About 100 Methodists from 24 states are attending the Advent Gathering and many backed an alternative plan called the New Expressions Worldwide, or N.E.W. Plan, including Williams, who is also an author of the plan. It would dissolve the United Methodist Church and create four denominations, including liberationists, who seek radical equality for people of color and LGBTQ folks.
The Rev. Alex da Silva Souto, a UM-Forward leader and General Conference reserve delegate, came from Connecticut to attend the gathering. Da Silva Souto said they don’t want to separate from the church, but building something new from the ground up is the only way to address systemic issues in the church so people don’t feel like they have to suppress who they really are anymore.
“We need a new structure because the structure we currently have has ossified so much and constrained the body of Christ so much that we can’t move,” da Silva Souto said. “It’s not what I want to do … Some of us are also tired of having to make ourselves smaller and invisible.”
Kendall Kridner-Protzmann is a pastor of congregational care at St. Andrew and a member of the Queer Clergy Caucus. Kridner-Protzmann thinks the denomination is dying and that people have left the church because of the vote earlier this year. She said they’re tired of having the same conversation.
“There’s younger generations coming up and saying, ‘I could easily pick a church and not have this conversation every four years,’” Kridner-Protzmann said, adding that she’s excited about what the future holds for Methodists. “Likely a fracture is going to happen.”
The United Methodist Church will vote on a plan in May 2020 during its General Conference in Minneapolis.
There are several other proposed plans in addition to the N.E.W. Plan that would radically change or divide the United Methodist Church.
When the Traditional Plan passed earlier this year, Denver clergy members were worried and uncertain about their futures.
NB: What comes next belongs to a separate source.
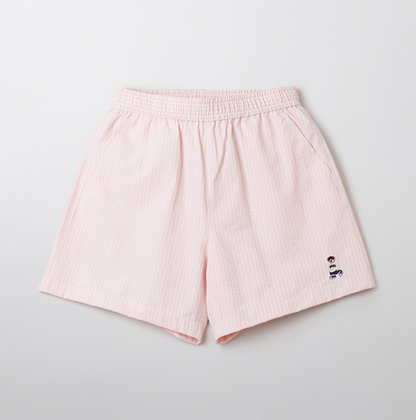 韓國 SPAO Seersucker Shorts【SP106】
The Iliff School of Theology said 30 percent of its students are members of the LGBTQ community, and its president took a stand for LGBTQ students and clergy after the vote.. United Methodist Theological Schools said most students are young and didn’t want their church lives to be based on excluding people from the LGBTQ community.
For the Rev. Valerie L. Jackson, senior pastor at University Park Methodist Church in Denver, she thinks separating is the best way to move forward. She is queer and said the LGBTQ vote in February was, in a way, a gift.
“I think February 2019 pushed us up against the wall and compelled us to confess who we really are and put our stake in the sand,” Jackson said. “Churches who were kind of quiet about being inclusive, kind of quiet about wanting to be progressive, have come out of the closet. Talk about the concept of coming out. And that’s been a beautiful thing to watch.”